3. There were two other grounds on which the decree sought to be executed was impugned by the plaintiff in the lower Court, first, on the ground that as Maneshwar died on May 30, 1920, and the final mortgage decree was made on November 25, 1921, without bringing his heirs on the record, the decree was a nullity so far as Maneshwar was concerned and that the whole suit abated against all the defendants, and, secondly, on the ground that the decree was obtained by fraud. Before us no question was raised on the ground of fraud. The only question, therefore, in this appeal is whether the decree was invalid on account of the death of Maneshwar and on account of the omission to bring the legal representatives on the record in place of the deceased Maneshwar. As the other defendants were members of the joint Hindu family of the deceased Maneshwar, the cause of action would survive against them as the surviving members of the joint family under Order XXII, Rule 2, Civil Procedure Code :-
Where there are more plaintiffs or defendants than one, and any of them dies, and where the right to sue survives to the surviving plaintiff or plaintiffs alone, or against the surviving defendant or defendants alone, the Court shall cause an entry to that effect to be made on the record, and the suit shall proceed at the instance of the surviving plaintiff or plaintiffs, or against the surviving defendant or defendants.
4. The suit, therefore, would not abate as against the surviving members of the joint family. Reliance was placed on the decision in the case of Lilo Sonar v. Jhagru Sahu ILR (1924) Pat. 853 In that case one of the legal representatives of the deceased respondent was on the record and the other legal representatives were not parties to the appeal.

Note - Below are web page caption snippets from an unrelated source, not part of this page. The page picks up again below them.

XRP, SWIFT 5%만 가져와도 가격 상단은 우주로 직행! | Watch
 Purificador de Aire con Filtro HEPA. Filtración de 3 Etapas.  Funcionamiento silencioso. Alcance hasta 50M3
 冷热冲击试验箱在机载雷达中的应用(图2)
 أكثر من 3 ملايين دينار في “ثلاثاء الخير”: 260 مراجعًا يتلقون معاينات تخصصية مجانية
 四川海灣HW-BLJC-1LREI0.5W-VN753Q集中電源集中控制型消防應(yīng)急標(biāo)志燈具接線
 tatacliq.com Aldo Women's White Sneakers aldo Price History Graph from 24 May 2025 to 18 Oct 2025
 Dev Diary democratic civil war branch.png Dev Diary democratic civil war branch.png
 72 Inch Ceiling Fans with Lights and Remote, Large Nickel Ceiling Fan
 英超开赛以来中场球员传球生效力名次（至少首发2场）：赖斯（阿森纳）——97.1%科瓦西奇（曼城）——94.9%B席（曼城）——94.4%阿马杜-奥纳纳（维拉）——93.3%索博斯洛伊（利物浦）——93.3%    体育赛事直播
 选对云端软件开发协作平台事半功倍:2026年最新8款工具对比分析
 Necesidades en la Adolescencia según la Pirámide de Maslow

The view taken in Lilo Sonar's case that the legal representatives must be brought on the record irrespective of the question whether the deceased was joint with other members of the family who are on the record is opposed to the decision of the Calcutta High Court in Chowdhry Shamanwnd Das v. Rajnarain Das 11 C.W.N. 186. In Gopal Das v. Mul Chand ILR (1926) Lah. 399, where one of the plaintiffs-respondents died and no application was made to bring his legal representatives on the record within time, and where the deceased was a Hindu minor and his legal representatives were his brothers who were respondents with him and the right to obtain relief survived against them alone, it was held that Order XXII, Rule 2, applied and that it was not necessary to make an application under Rule 4 and that the appeal did not abate. The same view was taken in the eases of Maung Po v. Ma Shwe Ma ILR (1924) Ran. 445 and Achutan Nair v. Manavikraman ILR (1928) Mad. 347. We think, therefore, that the suit did not abate as against the other members of the joint family who were already on the record as defendants.
5. It is, therefore, unnecessary to consider the further question whether Order XXII, Rules 3 and 4, apply to cases of the death of the parties after passing of the preliminary mortgage decree. The Full Bench of the Madras High Court in Perumal Pillay v. Perumal Chetty ILR (1928) Mad. 701 has held that Order XXII, Rules 3 and 4, do not apply to cases of the death of the parties after passing of the preliminary decree.
6. We think, therefore, that the view taken by the lower Courts is right and both the appeals must be dismissed with costs.